Chiles Rellenos
photo by Debi9400
- Ready In:
- 25mins
- Ingredients:
- 6
- Serves:
-
4
ingredients
- 4 flour tortillas (8-inch or 13-inch sizes work well)
- 2 (4 ounce) cans green chilies (whole or chopped)
- 2 cups monterey jack cheese, shredded
- 2 cups salsa
- oil (for frying) (optional)
- toothpick
directions
- Soften flour tortillas in a warm oven or in a microwave. This makes them easier to handle. I soften one tortilla at a time, build a relleno, and then warm another tortilla. If you warm them all at once, the last onces may get hard before you can roll them.
- Lay tortilla on flat surface, place 1/2 cup cheese in center of tortilla and place 1/4 to 1/2 can of chilies on top of cheese. Fold bottom of tortilla over the cheese/chilies (away from you), then hold that while you fold in both sides. Finally, fold top side of pouch back over the center and close by securing with a toothpick or two. This will need to hold the relleno closed while it's baking or frying (if it's loose, the insides will leak out). Repeat with the other tortillas until you have used all four.
- Place rellenos in deep fryer and fry for approximately 4 minutes on a fairly hot setting. If you don't have a deep fryer, place in a cast iron or other heavy skillet that has about 1 inch or so of oil in it, heated to a medium-hot setting. Fry on each side for about 2 minutes or until golden brown and the cheese in the center has had a chance to melt. If you don't want to fry, place rellenos on a baking sheet and bake in a hot oven (380 degrees F) for about 10 minutes (or until golden brown).

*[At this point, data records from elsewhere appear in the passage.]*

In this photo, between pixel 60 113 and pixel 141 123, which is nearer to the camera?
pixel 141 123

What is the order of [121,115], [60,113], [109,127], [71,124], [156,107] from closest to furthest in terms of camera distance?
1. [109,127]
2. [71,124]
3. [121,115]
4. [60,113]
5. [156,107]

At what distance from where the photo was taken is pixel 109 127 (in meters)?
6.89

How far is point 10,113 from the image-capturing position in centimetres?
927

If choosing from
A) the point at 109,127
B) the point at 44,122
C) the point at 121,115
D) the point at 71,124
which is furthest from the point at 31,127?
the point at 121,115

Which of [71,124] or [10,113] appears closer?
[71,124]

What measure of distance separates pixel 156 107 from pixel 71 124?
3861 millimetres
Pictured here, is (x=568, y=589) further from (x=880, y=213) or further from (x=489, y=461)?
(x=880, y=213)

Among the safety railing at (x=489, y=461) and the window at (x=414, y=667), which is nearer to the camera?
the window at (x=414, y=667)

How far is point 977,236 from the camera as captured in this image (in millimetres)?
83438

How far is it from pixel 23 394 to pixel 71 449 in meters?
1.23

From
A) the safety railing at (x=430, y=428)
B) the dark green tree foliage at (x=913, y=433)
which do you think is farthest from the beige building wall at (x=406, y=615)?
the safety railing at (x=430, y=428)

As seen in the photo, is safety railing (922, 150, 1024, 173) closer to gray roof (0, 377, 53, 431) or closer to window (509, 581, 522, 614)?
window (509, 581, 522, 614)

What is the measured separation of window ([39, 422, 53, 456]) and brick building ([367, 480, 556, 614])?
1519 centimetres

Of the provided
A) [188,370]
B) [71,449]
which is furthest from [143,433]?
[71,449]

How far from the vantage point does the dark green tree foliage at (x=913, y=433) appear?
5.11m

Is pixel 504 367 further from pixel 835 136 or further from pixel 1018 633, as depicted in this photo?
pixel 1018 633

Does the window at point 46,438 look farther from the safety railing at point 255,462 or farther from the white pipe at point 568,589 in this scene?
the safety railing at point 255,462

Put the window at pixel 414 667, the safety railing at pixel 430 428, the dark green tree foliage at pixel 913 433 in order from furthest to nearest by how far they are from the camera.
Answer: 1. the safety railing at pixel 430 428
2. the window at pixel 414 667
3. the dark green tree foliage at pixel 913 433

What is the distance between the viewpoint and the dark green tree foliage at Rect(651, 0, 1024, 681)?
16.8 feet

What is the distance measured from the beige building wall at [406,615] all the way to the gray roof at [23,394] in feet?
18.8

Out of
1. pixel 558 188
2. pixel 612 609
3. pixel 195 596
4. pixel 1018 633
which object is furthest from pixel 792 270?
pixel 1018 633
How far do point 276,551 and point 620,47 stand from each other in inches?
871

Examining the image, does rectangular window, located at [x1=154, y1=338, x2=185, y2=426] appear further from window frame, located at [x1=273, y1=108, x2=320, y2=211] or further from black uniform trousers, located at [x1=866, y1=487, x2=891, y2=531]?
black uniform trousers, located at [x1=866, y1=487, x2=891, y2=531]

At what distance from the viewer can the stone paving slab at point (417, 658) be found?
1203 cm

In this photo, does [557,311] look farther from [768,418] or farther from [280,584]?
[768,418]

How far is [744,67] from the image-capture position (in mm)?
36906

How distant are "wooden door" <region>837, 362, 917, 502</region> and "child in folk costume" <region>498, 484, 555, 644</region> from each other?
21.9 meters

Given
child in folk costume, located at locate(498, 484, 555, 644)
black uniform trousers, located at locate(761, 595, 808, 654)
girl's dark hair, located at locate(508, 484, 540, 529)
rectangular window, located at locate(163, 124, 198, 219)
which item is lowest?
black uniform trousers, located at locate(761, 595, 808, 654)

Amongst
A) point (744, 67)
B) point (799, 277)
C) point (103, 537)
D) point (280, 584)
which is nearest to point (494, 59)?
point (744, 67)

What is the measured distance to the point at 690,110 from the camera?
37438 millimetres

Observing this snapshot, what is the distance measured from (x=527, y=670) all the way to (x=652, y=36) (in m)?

- While rellenos are cooking, heat salsa just until warm in small sauce pan over medium heat or about 1 minute in a microwave (on full power).
- If you fried the rellenos, drain on paper towels. If you baked them, go to the straight to the plate! Place chili rellenos in the center of a plate, remove all toothpicks, and cover each relleno in about half a cup of warm salsa. Serve immediately.
- They should be crunchy on the outside with warm melted cheese and chilies on the inside. Serve with refried beans, Mexican rice, warm tortilla chips, and a side salad.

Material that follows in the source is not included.